Life Abroad

Diasporic Nigerians, 2011, and the Measure of Seriousness

Background to unseriousness
In an earlier intervention on Nigeria’s forthcoming 2011 Presidential election, I opined that only the usual suspects in the status quo appear to understand what is at stake and have, consequently, commenced thorough and visionary preparations. Sadly, “thorough” and “visionary” here are to be understood in terms of their political inflections in Nigeria– giving the rigging and do-or-die apparatus a tune up – and not to be mistaken for the scenario of serious and credible contenders forming genuine think-tanks to develop ideas and a coherent vision, going round the country to rub minds with the critical mass in town hall meetings, Universities, and other spaces and locations of ideas within the polity, making themselves available to journalists for critical, in-depth interviews that could help Nigerians gauge their grasp of issues and the quality of their minds. Such spade work and road map to a country’s presidency are the hallmarks of genuine democracies. One only needs to remember the quality and length of the spade work that the likes of Barack Obama, John McCain, Nicholas Sarkozy, and Ségolène Royal did before announcing their respective candidacies.

Beyond these factors, however, the quality of the candidates a given system is capable of throwing up is one of the most significant indices of the level, standard, and quality of a country’s democratic dispensation. This explains why political punditry and critical public intervention in responsible democracies are as concerned with what they call “the overall quality of the field” as they are with the pedigree of individual presidential hopefuls. In France, the quality of the field is an obsession in public consciousness. In the build-up to the last presidential elections in Benin Republic and Senegal, I monitored the local press in both countries – online newspapers and radio stations – and was amazed by the degree of public interest in the overall quality of the field. I was therefore not surprised that Yayi Boni, Benin’s answer to Ngozi Okonjo Iweala and Olu Falae, eventually got the people’s nod. The consequences of the people’s decision have simply been amazing. Benin Republic, like so many African countries, has left Nigeria behind.

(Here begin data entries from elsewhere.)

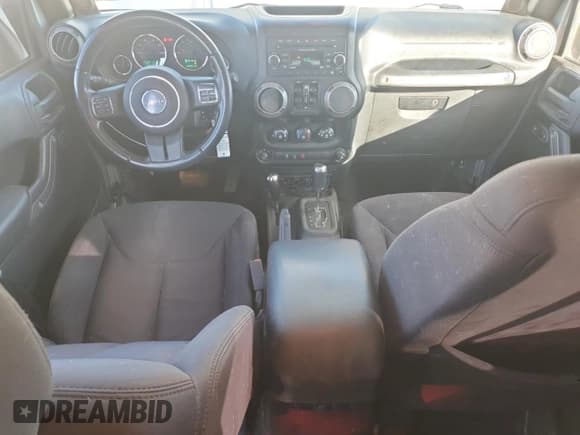 ✅ 2013 Jeep Wrangler Unlimited Sport • VIN: 1C4HJWDG3DL553935 • Lot: 93301395. Wystawiony na Copart z przebiegiem 109 573 mil. Bezpłatny archiwum sprzedaży aukcyjnych z USA i szczegółowy raport historii pojazdu na DreamBid. Zdjęcie 8.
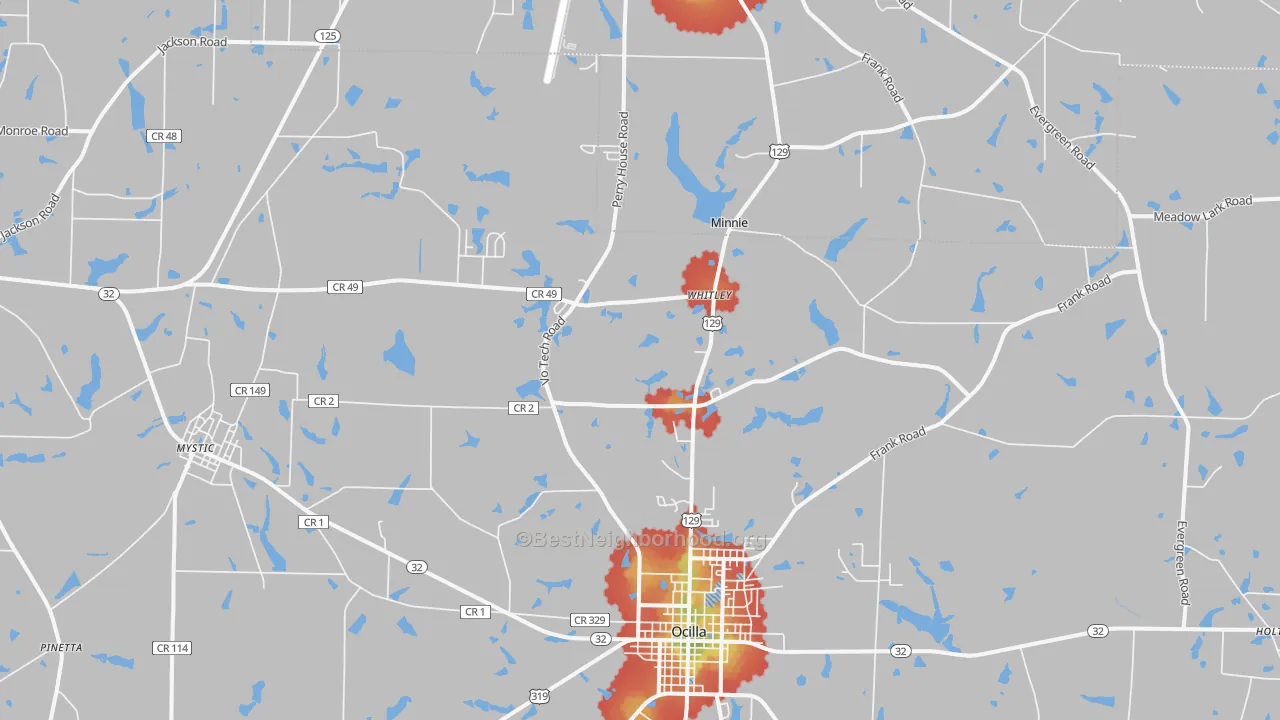 Walk Grade map of Mystic, GA, walkable areas in green and car-dependent areas in red
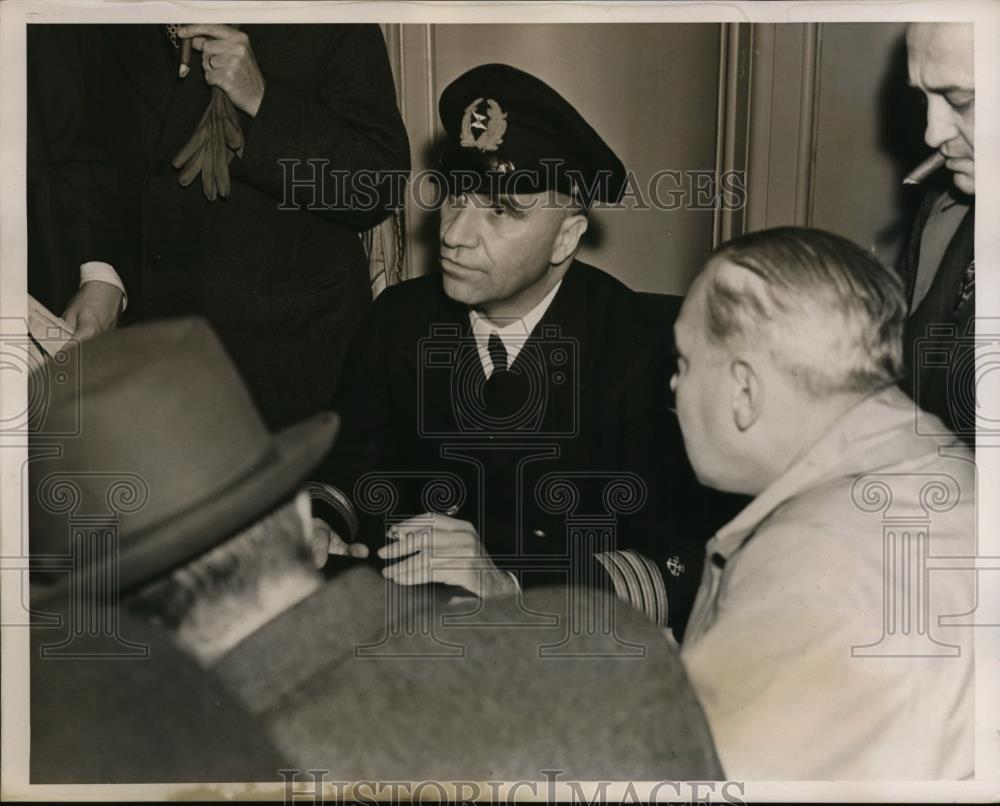 1938 Press Photo New York Capt.Karl Steincke of Liner Deutschland in U.S NYC - Historic Images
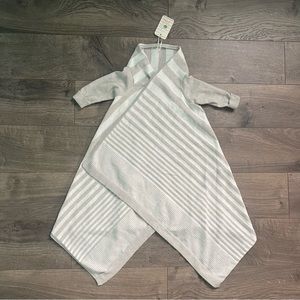 NWT Jujo Baby Oatmeal Phased Stripe Shwrap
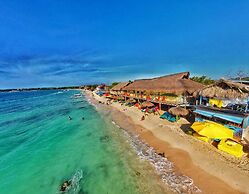 Nuestros Tres Tesoros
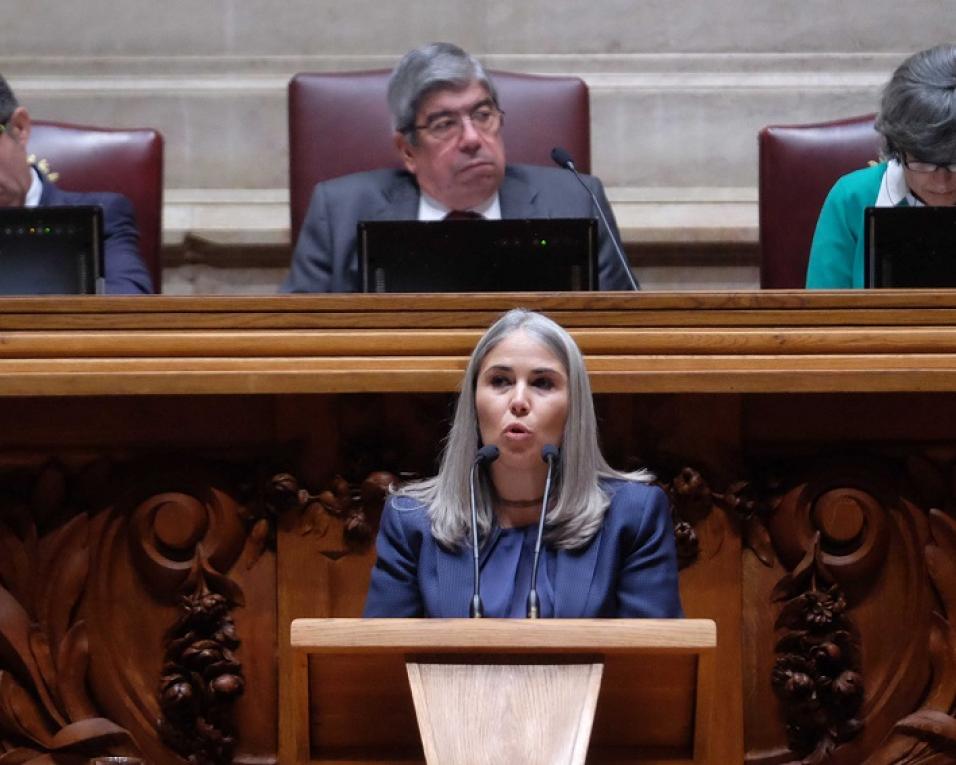 Helga Correia reclama reforço de meios técnicos e humanos do Hospital de Oliveira de Azeméis. Helga Correia reclama reforço de meios técnicos e humanos do Hospital de Oliveira de Azeméis.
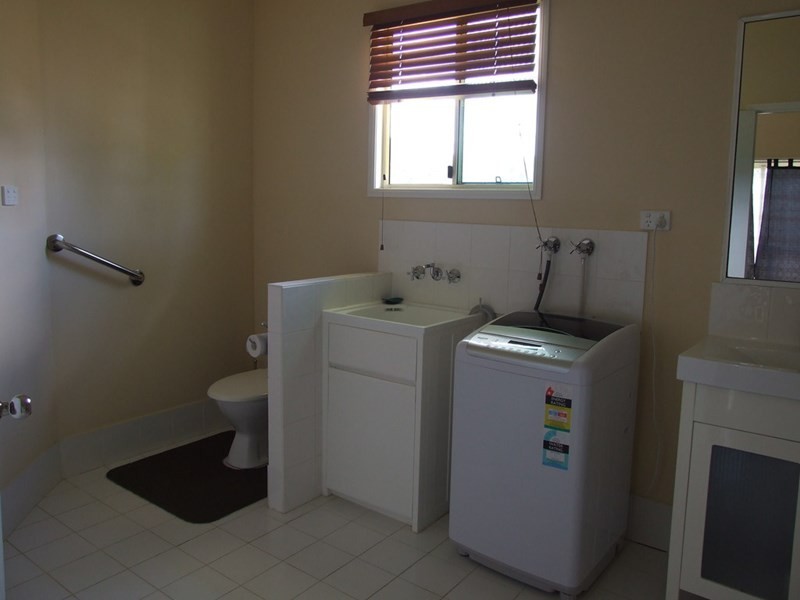 7 Eames Street, Crows Nest QLD 4355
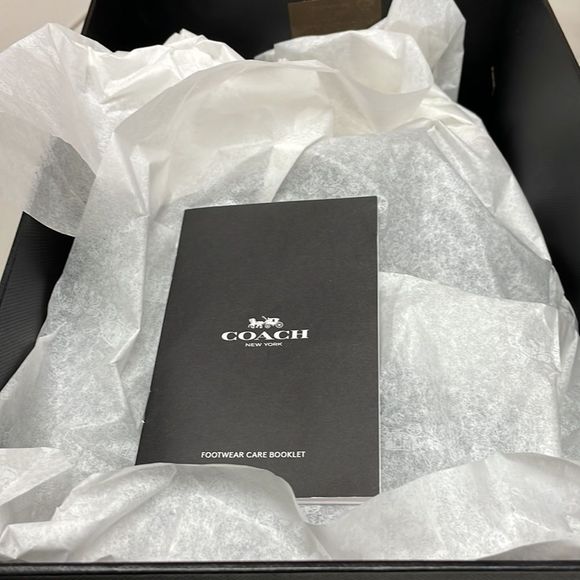 Coach signature Deni LTR Bootie - Picture 9 of 11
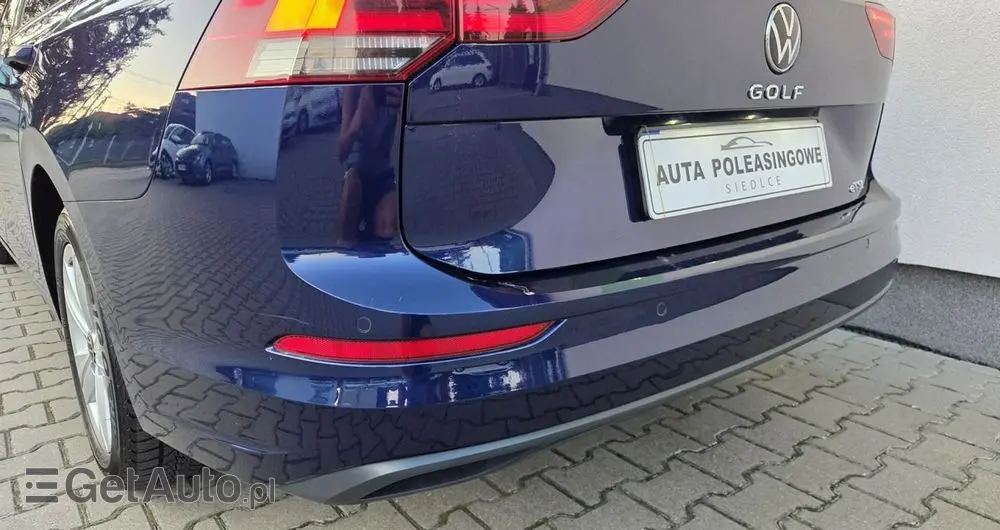 VOLKSWAGEN Golf Variant 1.5 eTSI EVO Life DSG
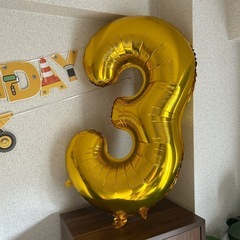 誕生日ガーランド　工事現場の画像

In these and other responsible democracies, where the field does not seem to reflect the quality of a country’s status and potentials, public opinion gets worried, moved as it were by the conviction that the country could do – and deserves – better. Indeed, the mettle of those who dare to even give body language about the possibility of aspiring to the highest office in the land – and the most solemn responsibility to the people – is central to the character of the field. In essence, a democracy that expects and deserves to be taken seriously in the global comity of responsible democracies needs to evolve fundamental benchmarks of character, probity, integrity, and intellect to be minimally met by those dreaming of an appearance in the field of presidential hopefuls.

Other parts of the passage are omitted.